O inóspito avolumando-se: montes
e céu como se fora nos primórdios.
Paisagem de vultos gordos
como ventres prenhes ou coxas de mulher. Redondos recortados em azuis
muito escuros e em negros e, mal adivinhados, uns verdes rasos e opacos.
E o silêncio: nada que não seja o coração
da gente e o ar que nos sustenta a ir e vir, dentro e fora, fora e dentro.

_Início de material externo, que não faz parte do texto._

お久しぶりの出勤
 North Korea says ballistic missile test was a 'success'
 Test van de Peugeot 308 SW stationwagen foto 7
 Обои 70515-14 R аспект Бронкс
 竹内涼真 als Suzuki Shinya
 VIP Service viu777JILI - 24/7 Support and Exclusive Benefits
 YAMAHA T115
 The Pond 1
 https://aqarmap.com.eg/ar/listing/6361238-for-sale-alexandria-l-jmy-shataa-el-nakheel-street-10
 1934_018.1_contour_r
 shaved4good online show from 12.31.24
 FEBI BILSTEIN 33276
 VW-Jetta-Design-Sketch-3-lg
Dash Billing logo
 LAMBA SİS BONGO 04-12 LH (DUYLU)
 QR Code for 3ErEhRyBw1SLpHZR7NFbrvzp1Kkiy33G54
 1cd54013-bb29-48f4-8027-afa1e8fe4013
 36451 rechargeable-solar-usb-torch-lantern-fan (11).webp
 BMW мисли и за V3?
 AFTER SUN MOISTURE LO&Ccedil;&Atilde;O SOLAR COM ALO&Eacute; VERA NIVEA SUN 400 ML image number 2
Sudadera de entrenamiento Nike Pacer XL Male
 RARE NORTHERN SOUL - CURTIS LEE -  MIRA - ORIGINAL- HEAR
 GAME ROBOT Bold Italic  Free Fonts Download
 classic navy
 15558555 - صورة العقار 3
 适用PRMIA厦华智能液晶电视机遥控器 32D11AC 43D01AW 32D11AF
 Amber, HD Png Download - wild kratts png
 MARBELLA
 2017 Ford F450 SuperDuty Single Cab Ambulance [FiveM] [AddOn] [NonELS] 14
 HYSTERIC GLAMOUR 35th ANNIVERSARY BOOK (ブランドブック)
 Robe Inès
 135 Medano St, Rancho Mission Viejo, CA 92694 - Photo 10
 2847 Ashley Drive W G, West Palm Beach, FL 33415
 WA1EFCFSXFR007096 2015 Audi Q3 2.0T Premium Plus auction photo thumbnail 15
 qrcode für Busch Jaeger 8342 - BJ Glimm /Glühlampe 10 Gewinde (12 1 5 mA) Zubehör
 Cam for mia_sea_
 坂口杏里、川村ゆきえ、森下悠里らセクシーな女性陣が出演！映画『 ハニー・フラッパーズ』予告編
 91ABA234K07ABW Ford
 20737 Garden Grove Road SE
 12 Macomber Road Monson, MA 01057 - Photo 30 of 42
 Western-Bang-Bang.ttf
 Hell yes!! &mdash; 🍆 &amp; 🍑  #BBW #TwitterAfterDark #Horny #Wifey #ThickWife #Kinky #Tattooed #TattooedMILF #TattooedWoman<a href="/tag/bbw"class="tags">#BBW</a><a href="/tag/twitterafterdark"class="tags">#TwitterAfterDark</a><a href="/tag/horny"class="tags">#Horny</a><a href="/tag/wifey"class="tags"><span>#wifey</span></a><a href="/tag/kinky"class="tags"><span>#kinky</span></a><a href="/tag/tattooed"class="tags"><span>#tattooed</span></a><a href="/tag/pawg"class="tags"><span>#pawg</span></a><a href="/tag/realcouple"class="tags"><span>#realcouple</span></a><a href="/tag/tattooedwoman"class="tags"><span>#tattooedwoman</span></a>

Luz, apenas a luz da lua, que
hoje foi noite dela ser quase uma lua grande, redonda como sol em céu de
Outubro.
A lua inteira e não apenas
um recorte.
Que em noites em que ela não
se vislumbre, por ser o céu, um céu de tempestade, será só o alumiar de um
relâmpago que varrerá a escuridão dos montes e da rocha e das dunas e do mar.
O mar, sempre.
O mar presente no odor intenso
a algas e a peixe e a iodo, e a cheiros de quando fomos seres dentro dele, um
cheiro de útero que trouxemos de termos sido medusas e girinos: termos sido feto.
E aqui e ali um
branco que é o mar sempre revolto, sempre despedaçando-se no alcantilado da
falésia e a derramar humores
alvos na areia lá em baixo, lá muito onde nem adivinhamos.
Inóspitos com a gente
dentro, imaginando.
domingo, 14 de agosto de 2016
eu pecadora...
não tenho deuses a quem peça perdão por faltas que cometa
nem um Deus que tema no interior mais profundo de mim mesma
sou ímpia
mas sinto, e nem será virtude e sim pecado grave
sinto a benção dos céus a cada passo
blasfemo
será isso que faço
seria mulher de arder em fogueira
e nunca se sabe o que me espera
que eu, à luz do que para aí oiço e vejo, sou mesmo uma peste
o que eu não sou é mulher de duas caras
nem sou senhora de dar esmola à "pobrezinha" sem a sentar na minha mesa ou dar-lhe banho e lavar-lhe a roupa se o cheiro me incomoda, ir com ela ao juiz ou ao centro de emprego se não sabe dizer ou não percebe
mas tenho em mim um defeito monstro
por ele, estou em crer que perderei o paraíso, se ele existe
tenho pouca pachorra para a imbecilidade
para além de detestar os reaccionários e os fascistas
e mesmo apenas os que entendem natural que muitos trabalhem por salário
a fazer crescer em flecha a riqueza de poucos
e abomino os meninos armados em finos
e todos os que querem parecer o que não são
mas, mais ainda, abomino certas mulheres
tias é como muitos as chamam
mas eu nem sei se são apenas essas do estereotipo que me incomodam
são mulheres nem sempre assim tão estúpidas
as mesmo estúpidas, essas, va de retro
que olham do seu reino de virtudes
nem sempre escassas, aceito, e dá-me pena
olham uns e outros como se fossem os seres inferiores que elas aprenderam a afugentar tanto ou mais do que os ratos e baratas que abundam pelas casas herdadas de gerações de avós que, muitos deles, moiraram e elas dizem condes e marqueses ou ricos industriais
ou as outras, sem heranças nem louros, e que têm atitude semelhante
mulheres
eles são outro modo
detesto e pronto
que eu fui criada por mãe que viu muita miséria
mulher de virtudes
alma boa
e do pai nem digo a história
gente que me deu o que não tinha e
mais que tudo
deu-me um quadro onde está escrita a moral que sigo
e deu-me o respeito imenso pelo invisível seja ele
o espectro electromagnético
as almas penadas
ou os deuses
(ah! esqueci-me de dizer que não gosto de gente que se presume isto e mais aquilo e escreve
“à horas que estou à espera” ou “ gostei de lhe ver” )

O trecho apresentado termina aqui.